▶ ENTRIES SUPPLIED:
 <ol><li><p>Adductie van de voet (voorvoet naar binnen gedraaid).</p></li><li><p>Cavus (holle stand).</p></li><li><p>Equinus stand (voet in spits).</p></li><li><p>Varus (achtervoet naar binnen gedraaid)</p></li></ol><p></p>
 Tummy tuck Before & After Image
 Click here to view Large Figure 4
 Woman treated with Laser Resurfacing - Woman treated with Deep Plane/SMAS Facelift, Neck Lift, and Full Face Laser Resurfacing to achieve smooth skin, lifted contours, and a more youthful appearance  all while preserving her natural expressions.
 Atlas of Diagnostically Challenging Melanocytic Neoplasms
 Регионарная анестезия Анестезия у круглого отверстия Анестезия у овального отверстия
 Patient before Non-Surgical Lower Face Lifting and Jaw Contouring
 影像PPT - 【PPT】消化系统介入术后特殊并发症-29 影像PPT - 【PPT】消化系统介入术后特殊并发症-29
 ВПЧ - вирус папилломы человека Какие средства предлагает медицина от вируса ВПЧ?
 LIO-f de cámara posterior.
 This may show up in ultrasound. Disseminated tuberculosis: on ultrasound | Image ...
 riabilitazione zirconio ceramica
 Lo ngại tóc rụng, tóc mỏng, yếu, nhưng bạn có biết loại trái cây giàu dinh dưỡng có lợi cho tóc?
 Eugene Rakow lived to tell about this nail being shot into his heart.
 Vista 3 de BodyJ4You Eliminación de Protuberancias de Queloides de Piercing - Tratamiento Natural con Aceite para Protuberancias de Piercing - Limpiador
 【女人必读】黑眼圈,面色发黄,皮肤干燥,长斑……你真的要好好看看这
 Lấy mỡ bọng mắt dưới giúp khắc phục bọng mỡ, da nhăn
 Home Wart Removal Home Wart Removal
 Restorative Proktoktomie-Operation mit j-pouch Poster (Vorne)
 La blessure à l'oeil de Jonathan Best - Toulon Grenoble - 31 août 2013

▶ PROBLEM REQUIREMENTS: For this exercise, copy each line from the listing above that has the word "Image".

▶ OUTPUT FOR THIS TASK:
 Tummy tuck Before & After Image
 This may show up in ultrasound. Disseminated tuberculosis: on ultrasound | Image ...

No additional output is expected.